Attention, like bad weather, brings trouble with it. In July 1802 a stranger arrived in Keswick, calling himself Alexander Augustus Hope, brother to the Earl of Hopetoun. In reality he was John Hatfield, a practiced fraudster with unpaid debts trailing behind him like tin cans tied to a cart. Under his borrowed title and polished manners, he courted Mary and married her at Lorton Church on 2nd October 1802.

The marriage was a sham built on sand. Hatfield was not who he claimed to be, and he was already married, with a wife and two children living quietly in Tiverton. The truth surfaced when news of the wedding appeared in a Scottish newspaper and reached the eyes of his creditors. The net closed quickly. Hatfield was arrested, tried at Carlisle for forgery, and sentenced to death.

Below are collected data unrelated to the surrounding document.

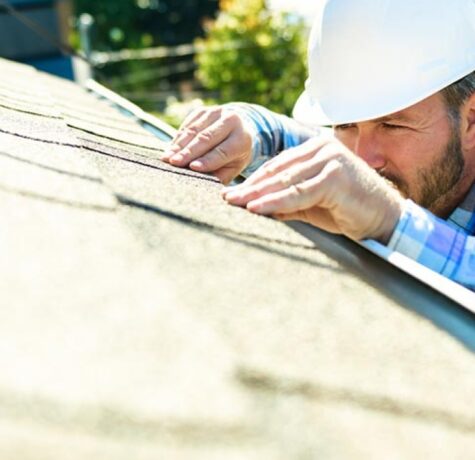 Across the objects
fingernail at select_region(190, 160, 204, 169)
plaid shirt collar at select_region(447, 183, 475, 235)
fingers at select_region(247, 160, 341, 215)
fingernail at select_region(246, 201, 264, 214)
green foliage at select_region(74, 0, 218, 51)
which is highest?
fingers at select_region(247, 160, 341, 215)

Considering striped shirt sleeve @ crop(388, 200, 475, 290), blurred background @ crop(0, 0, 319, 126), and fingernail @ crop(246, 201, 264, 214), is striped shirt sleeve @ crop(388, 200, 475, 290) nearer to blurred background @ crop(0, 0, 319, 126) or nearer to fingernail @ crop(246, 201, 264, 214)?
fingernail @ crop(246, 201, 264, 214)

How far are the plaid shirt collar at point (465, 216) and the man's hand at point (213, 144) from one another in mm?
698

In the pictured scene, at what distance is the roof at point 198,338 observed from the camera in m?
0.72

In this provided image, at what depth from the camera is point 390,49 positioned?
260 centimetres

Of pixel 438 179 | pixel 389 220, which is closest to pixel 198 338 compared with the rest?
pixel 389 220

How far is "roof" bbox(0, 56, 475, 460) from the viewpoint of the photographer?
718mm

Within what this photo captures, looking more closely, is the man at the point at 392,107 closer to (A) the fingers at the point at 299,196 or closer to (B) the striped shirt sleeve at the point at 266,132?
(B) the striped shirt sleeve at the point at 266,132

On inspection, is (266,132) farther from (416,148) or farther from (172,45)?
(172,45)

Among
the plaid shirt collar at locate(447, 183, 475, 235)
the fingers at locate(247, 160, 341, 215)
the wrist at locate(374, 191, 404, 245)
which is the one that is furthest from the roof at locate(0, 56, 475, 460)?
the plaid shirt collar at locate(447, 183, 475, 235)

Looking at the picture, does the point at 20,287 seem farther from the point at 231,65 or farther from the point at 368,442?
the point at 231,65

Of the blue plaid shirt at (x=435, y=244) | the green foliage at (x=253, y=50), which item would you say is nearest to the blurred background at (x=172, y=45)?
the green foliage at (x=253, y=50)

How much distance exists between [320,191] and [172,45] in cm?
2781

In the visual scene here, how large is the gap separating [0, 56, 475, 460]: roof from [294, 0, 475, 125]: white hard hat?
1232 mm

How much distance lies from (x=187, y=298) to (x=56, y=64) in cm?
834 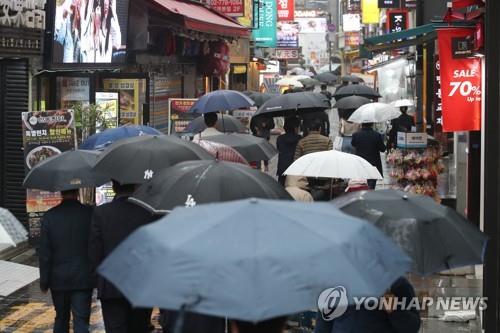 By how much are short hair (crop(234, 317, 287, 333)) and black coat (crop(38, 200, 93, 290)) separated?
13.8ft

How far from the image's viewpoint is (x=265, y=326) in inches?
154

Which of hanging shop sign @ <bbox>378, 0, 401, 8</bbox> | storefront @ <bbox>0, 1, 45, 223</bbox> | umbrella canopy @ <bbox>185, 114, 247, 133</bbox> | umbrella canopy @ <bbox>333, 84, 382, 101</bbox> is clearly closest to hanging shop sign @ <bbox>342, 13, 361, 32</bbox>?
hanging shop sign @ <bbox>378, 0, 401, 8</bbox>

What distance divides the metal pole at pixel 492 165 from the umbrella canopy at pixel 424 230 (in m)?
2.68

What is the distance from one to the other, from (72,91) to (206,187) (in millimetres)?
10742

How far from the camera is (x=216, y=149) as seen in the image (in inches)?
399

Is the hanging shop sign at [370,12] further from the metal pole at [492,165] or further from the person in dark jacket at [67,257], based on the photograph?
the person in dark jacket at [67,257]

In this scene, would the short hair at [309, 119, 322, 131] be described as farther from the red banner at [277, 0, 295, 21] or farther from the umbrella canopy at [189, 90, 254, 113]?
the red banner at [277, 0, 295, 21]

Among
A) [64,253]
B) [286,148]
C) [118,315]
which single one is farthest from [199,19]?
[118,315]

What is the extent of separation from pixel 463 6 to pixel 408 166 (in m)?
4.78

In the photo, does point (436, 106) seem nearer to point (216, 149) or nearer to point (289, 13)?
point (216, 149)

Public sympathy flowed, but it changed nothing. He was hanged at the Sands in Carlisle on 3rd September 1803.

Reports of the execution dwell on his composure. He corrected the rope himself when the hangman proved “awkward” and spoke his final line with theatrical calm. “My spirit is strong, though my body is weak”. Mary, meanwhile, was pregnant with his child, left to face the fallout alone.

The press and the poets made full use of the drama. Later novels embroidered the story with tears at the scaffold and sudden deaths among the clergy. Wordsworth and others added their weight, fixing the “Beauty of Buttermere” firmly in the national imagination. The tale grew, as tales do, until it almost outshone the truth.

Life, however, carried on. In 1808 Mary married again, this time to Richard Harrison, a farmer from Caldbeck. They settled at Todcrofts farm, raised seven children, and by all accounts lived contentedly. She died in 1837 at the age of 59, having outlasted the scandal that once threatened to define her.

At the Buttermere Court Hotel, once the Fish Inn, a plaque still marks the inn where the Maid of Buttermere lived. It stands as a neat full stop to a noisy story.

Mary Robinson may be thought of as a wild daffodil, almost flattened by a sharp Spring storm blown in from distant places, yet never destroyed. When the skies cleared, she bounced back, settled into familiar ground, and lived out her life quietly where she had always belonged.

Source:

Ramshaw, David. The English Lakes: Tales from History, Legend and Folklore. Page 56-8. P3 Publications. 1996.